実験船「ペガサス」(写真提供:古野電気)

◆あふれる地元愛。しかし……?

 フルノの特長をもう1点挙げるとするなら「地元愛」だ。日本プロバスケットボール2部「西宮ストークス」のオフィシャルメインパートナーになっているのをはじめ、企業公式サイト内に「西宮って、どんな街?」と題したページを設置。歴史や文化、スポーツ・レジャーから、暮らし、教育に至るまで西宮のあらゆる魅力が紹介されており、施設へのアクセスも「フルノから徒歩~分」など“オレの庭”感満載。試しにフルノの公式サイト内で「西宮」と検索すると、約300件もヒットした。(※1)

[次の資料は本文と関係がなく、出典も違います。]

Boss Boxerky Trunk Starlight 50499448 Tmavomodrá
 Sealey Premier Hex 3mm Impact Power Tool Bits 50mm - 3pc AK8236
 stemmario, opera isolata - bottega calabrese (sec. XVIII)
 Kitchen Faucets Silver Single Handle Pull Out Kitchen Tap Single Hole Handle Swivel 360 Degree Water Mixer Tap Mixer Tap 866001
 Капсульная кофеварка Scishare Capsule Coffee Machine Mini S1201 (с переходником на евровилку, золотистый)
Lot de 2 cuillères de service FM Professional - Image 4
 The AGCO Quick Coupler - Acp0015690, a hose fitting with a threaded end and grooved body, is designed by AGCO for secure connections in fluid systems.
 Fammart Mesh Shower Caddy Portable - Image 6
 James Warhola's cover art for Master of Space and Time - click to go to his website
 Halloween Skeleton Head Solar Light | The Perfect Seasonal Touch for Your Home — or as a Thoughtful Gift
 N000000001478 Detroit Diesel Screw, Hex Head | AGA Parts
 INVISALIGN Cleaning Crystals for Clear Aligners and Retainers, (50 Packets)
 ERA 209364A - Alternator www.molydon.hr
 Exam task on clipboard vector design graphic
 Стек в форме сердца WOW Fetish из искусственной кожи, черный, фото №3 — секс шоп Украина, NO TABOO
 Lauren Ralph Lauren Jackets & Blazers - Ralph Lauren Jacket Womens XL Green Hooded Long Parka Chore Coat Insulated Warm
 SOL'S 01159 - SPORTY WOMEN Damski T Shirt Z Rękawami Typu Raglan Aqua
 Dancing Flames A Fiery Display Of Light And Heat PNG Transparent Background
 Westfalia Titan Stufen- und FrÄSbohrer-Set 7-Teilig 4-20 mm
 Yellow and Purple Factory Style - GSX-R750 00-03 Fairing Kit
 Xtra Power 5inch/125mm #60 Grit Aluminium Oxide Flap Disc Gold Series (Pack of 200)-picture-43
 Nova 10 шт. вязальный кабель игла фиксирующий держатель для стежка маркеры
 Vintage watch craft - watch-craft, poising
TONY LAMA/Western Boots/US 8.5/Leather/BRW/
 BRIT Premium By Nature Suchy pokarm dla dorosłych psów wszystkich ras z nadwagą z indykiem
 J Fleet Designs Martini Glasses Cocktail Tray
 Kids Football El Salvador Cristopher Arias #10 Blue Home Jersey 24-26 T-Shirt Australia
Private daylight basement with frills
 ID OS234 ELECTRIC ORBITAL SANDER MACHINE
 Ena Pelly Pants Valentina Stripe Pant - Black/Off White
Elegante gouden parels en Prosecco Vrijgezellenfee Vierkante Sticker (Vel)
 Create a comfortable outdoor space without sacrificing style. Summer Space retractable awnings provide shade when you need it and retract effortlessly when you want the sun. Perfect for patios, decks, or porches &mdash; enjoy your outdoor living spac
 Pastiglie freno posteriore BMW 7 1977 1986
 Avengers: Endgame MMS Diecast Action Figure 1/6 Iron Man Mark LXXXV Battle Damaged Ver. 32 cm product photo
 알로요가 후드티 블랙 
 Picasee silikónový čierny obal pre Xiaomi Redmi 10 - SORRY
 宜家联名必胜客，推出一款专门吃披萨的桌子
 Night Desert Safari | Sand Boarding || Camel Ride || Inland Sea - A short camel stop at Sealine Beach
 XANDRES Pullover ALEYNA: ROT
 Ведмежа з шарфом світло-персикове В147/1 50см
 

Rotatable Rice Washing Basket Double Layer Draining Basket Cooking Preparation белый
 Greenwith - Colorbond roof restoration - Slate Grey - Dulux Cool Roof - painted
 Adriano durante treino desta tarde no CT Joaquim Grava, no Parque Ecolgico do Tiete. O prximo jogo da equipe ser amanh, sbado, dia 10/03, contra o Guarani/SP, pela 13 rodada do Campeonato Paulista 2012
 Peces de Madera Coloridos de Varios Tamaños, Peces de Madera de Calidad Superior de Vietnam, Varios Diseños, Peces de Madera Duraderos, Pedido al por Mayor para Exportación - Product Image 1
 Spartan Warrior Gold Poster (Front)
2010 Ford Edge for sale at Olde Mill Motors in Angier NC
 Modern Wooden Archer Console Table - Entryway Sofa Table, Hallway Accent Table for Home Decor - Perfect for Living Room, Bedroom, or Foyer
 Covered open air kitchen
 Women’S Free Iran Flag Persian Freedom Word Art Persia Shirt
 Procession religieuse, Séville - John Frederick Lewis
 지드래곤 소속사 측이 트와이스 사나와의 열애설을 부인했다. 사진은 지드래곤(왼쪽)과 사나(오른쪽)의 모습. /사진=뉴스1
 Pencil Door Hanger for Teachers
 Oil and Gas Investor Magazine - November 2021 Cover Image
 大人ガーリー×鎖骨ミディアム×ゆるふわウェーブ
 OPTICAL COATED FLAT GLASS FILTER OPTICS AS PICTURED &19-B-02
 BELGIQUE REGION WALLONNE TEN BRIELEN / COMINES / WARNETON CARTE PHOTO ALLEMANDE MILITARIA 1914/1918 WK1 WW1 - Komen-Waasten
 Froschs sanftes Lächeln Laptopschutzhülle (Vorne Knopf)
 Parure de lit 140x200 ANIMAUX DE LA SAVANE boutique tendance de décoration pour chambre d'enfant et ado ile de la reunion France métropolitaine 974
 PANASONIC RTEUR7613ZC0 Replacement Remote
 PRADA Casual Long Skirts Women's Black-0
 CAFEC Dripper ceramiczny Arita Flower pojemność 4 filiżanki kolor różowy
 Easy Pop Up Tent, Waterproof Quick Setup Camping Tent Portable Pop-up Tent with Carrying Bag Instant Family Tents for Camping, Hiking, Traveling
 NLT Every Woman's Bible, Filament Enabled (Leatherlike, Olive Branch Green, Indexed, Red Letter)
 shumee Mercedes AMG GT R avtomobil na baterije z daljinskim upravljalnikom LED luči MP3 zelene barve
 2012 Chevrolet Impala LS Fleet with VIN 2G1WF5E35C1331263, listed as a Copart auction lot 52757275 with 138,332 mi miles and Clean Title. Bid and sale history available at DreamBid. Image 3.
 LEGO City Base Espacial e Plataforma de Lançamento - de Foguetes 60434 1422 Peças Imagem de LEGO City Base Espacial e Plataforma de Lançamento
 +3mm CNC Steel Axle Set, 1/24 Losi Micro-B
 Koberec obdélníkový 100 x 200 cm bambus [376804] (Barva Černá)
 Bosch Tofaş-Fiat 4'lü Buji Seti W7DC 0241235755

 しかしながら、私たちが普段“フルノ”に触れる機会は少なく、一般的な知名度は残念ながら高いとは言えない。古野電気経営企画部ブランドコミュニケーション課の曽田竜輔さんによると「地元西宮の大学に通う学生からもほとんど知ってもらえていないのが実情。『フルノデンキって…電気屋さん?』という会話が多い」のだそう。「BtoB」(企業に対してモノやサービスを提供する)企業の宿命とはいえ「地元でも知られていないのは寂しい」と曽田さんは嘆く。

◆知ってほしくて…つい。

「知ってもらいたい。地元西宮にとって親しみのある会社になりたい」そんな切なる思いから、2020年、フルノが取り掛かったのが「もっとFURUNOを知ってほしくて」プロジェクトだ。フルノは、2019年、新たな経営ビジョンの策定に伴い「ブランドコミュニケーション課」を新設。ブランド価値向上のため、2020年に映像5種によるPR第1弾を慣行。そして今月、第2弾をスタートさせた。

 手法は2つ。電車内でのPRと駅構内ビジョンでのCMだ。

 阪急電鉄の広告貸切列車「sankyuトレイン」を走らせるのは、阪急西宮北口駅を通る神戸線。また、CMを流すのは西宮北口駅構内「にしきたワイドビジョン」と、いずれも西宮北口駅をベースに選んだ。西宮北口駅はフルノの本社、そして今年の9月に竣工した、本社南側にある新研究開発棟「SOUTH WING(サウス・ウイング)」の最寄り駅でもある。